─── Records ───

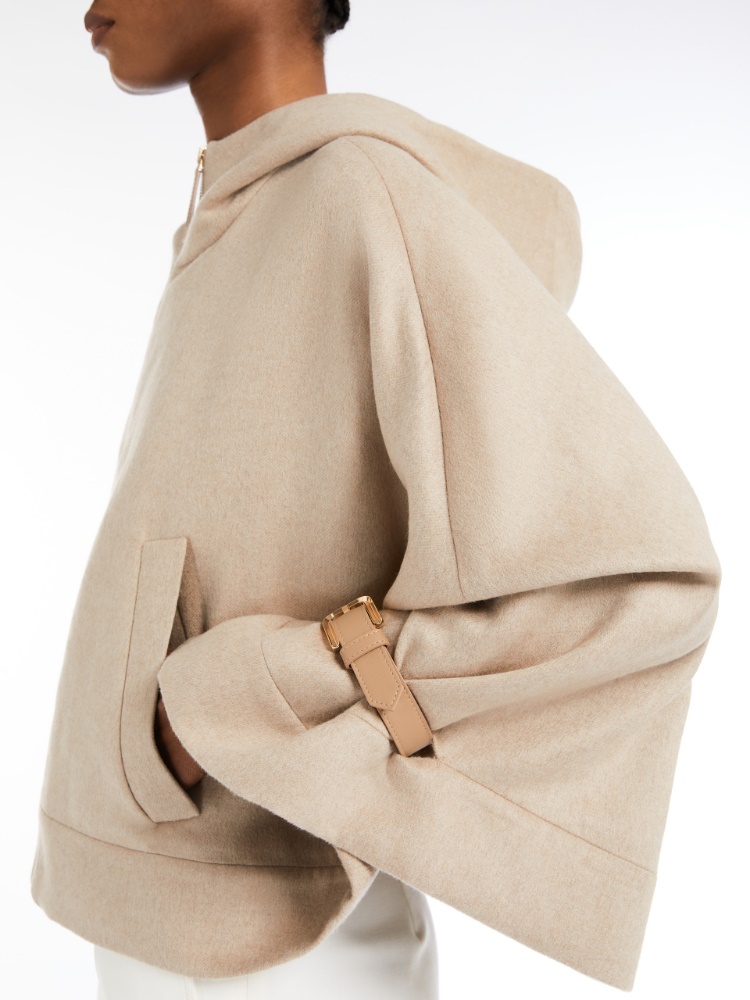 VIP【送料関税込】MAX MARA WOOL HOODED CAPE Women's Elegant Capes, Cloaks and Ponchos | Max Mara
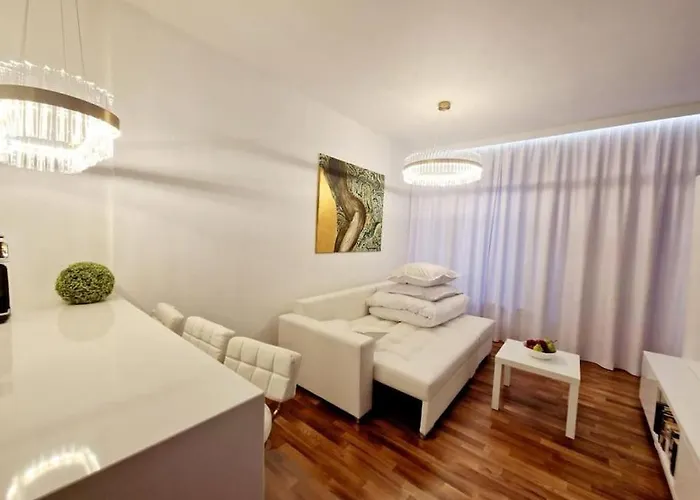 Luxury Princessa & Garage & Cable Tv Channels Varsó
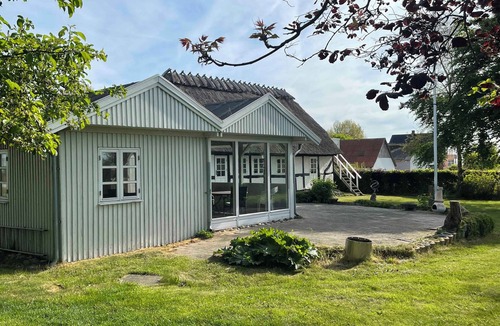Tranekaer House | Beautiful cottage in Tranekær, 200 m to.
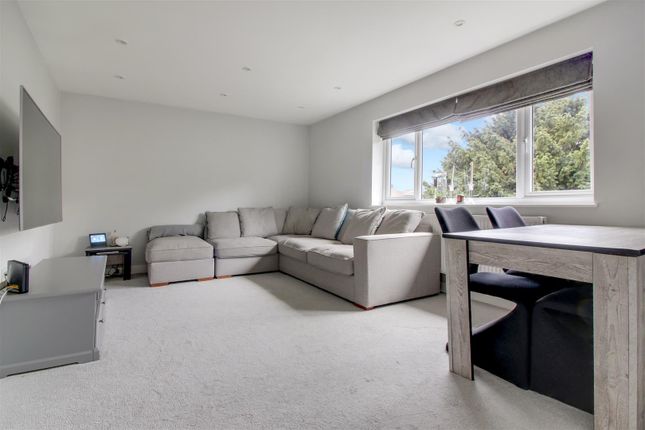 Thumbnail Flat for sale in Lichfield Grove, Finchley, London
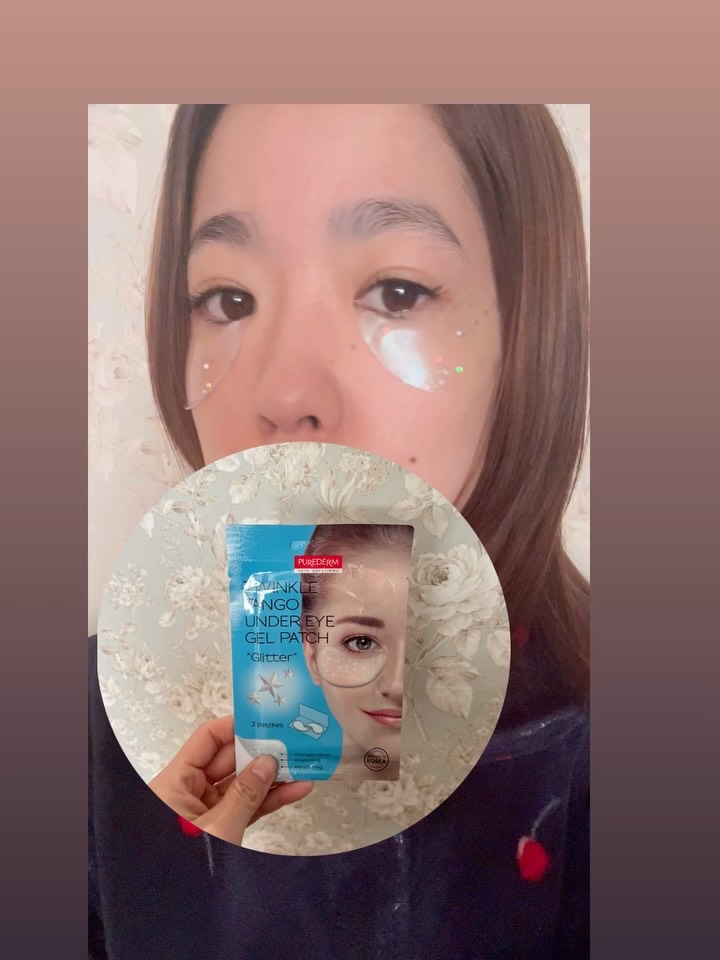 韓国キラキラ目元パック
.
キラキラしててかわいい🥰🥰🥰
.
動画加工なし🎥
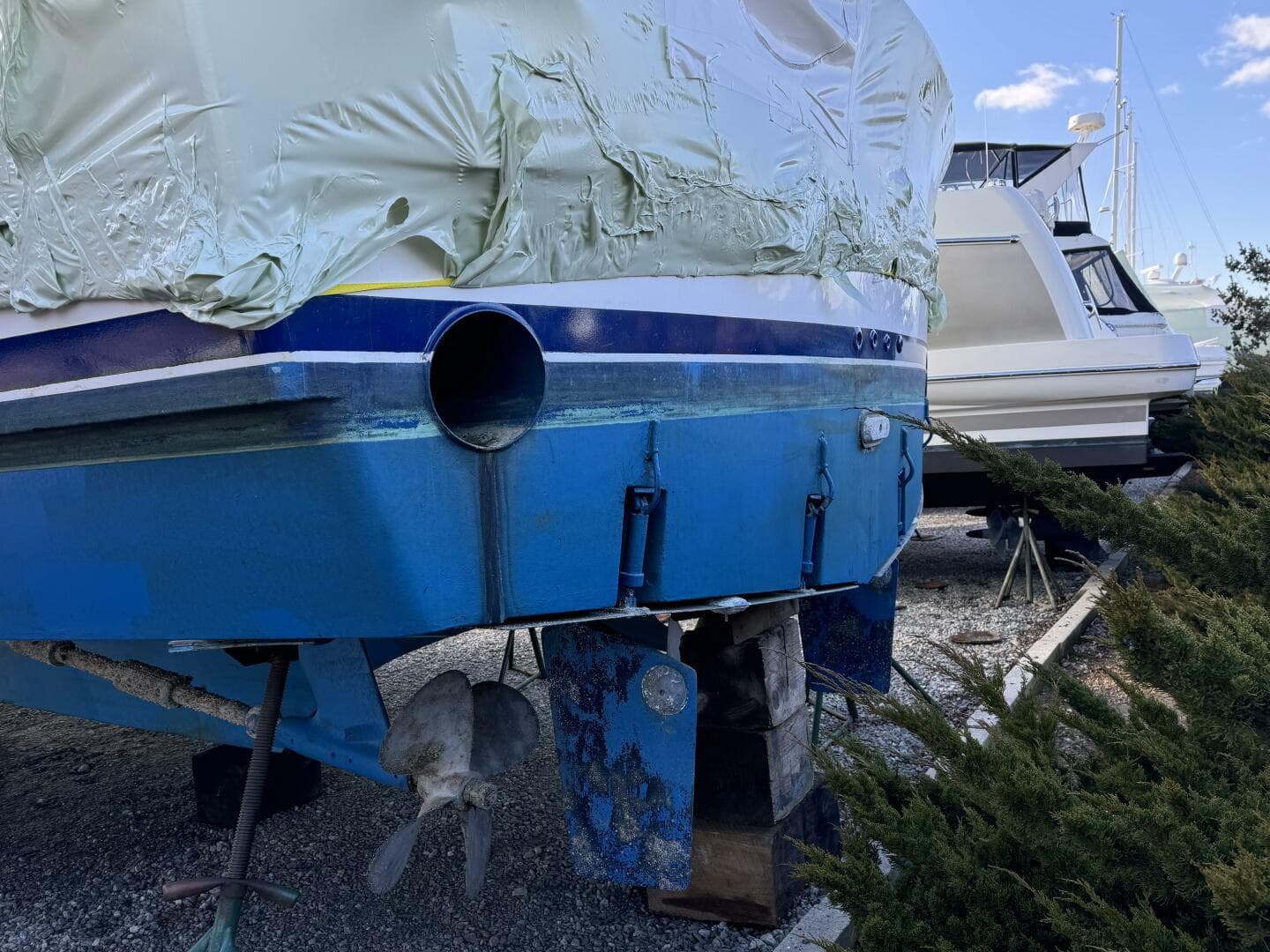 1980 Hatteras Convertible — photo 11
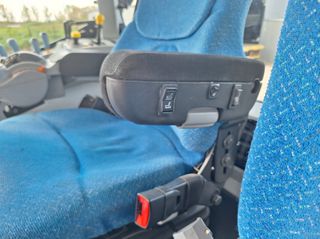 Τρακτέρ New Holland 2010 T 7030 SUPER STEER-thumb-8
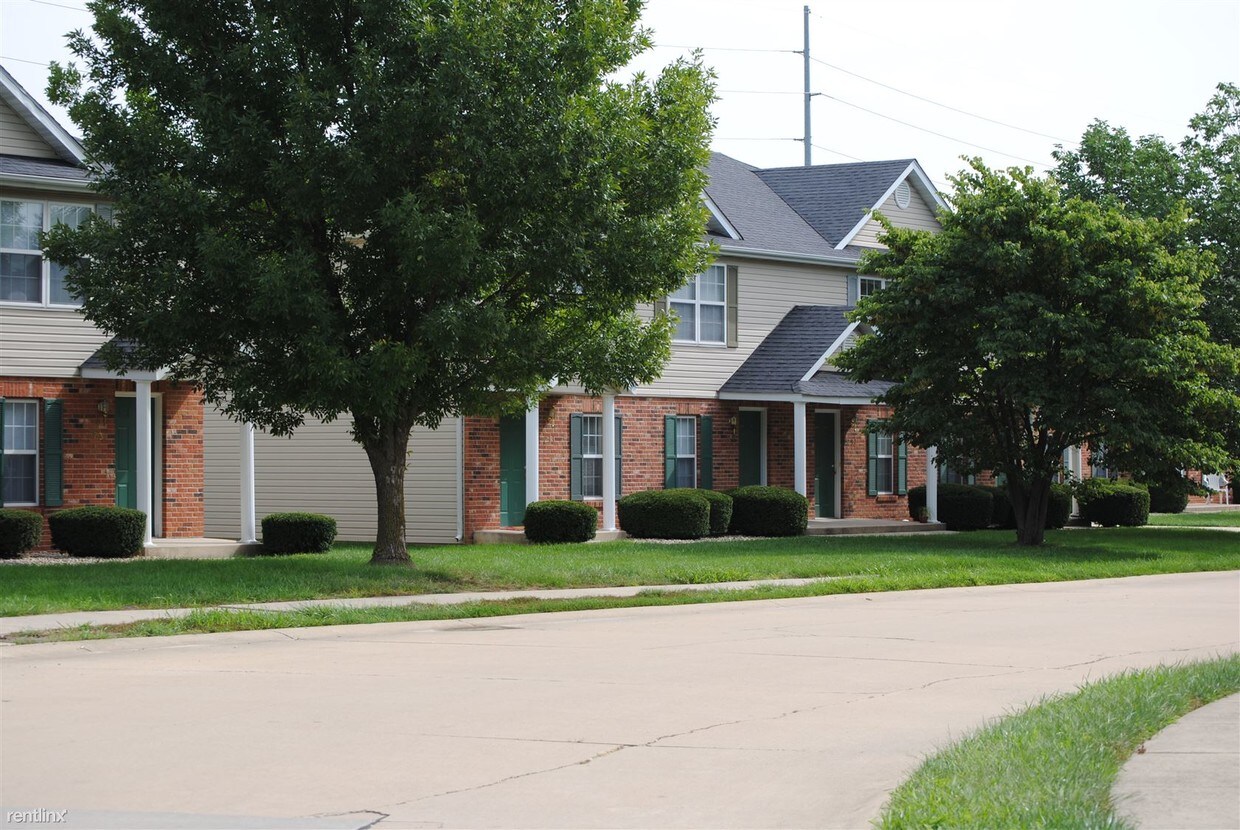 Primary Photo - 203 Parkview Ct
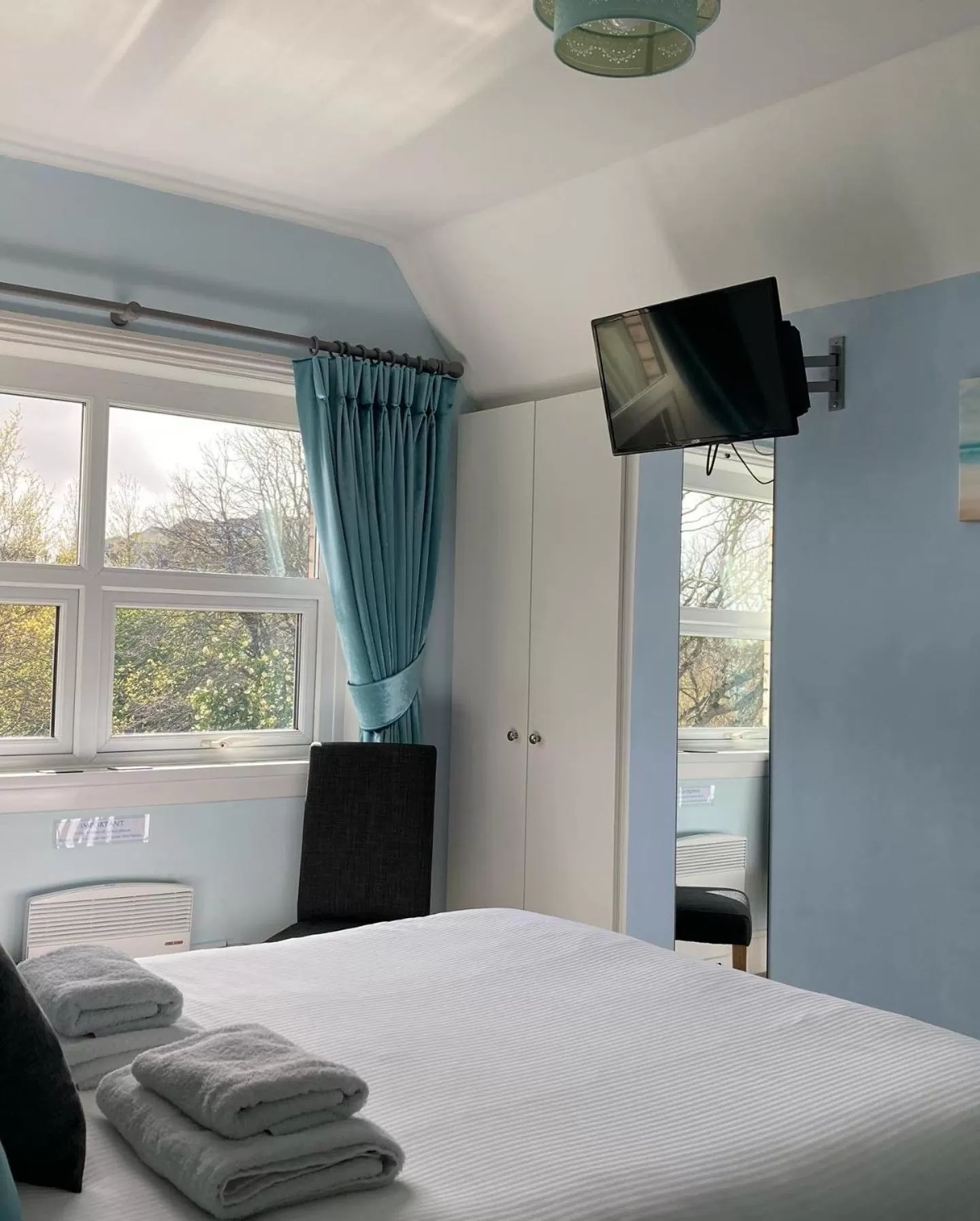 Bed in The Wentworth Guest House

───

## Problem details
Repeat the listing above in full, exactly, and omit its pictures.

## Exercise output
 VIP【送料関税込】MAX MARA WOOL HOODED CAPE Women's Elegant Capes, Cloaks and Ponchos | Max Mara
 Luxury Princessa & Garage & Cable Tv Channels Varsó
Tranekaer House | Beautiful cottage in Tranekær, 200 m to.
 Thumbnail Flat for sale in Lichfield Grove, Finchley, London
 韓国キラキラ目元パック
.
キラキラしててかわいい🥰🥰🥰
.
動画加工なし🎥
 1980 Hatteras Convertible — photo 11
 Τρακτέρ New Holland 2010 T 7030 SUPER STEER-thumb-8
 Primary Photo - 203 Parkview Ct
 Bed in The Wentworth Guest House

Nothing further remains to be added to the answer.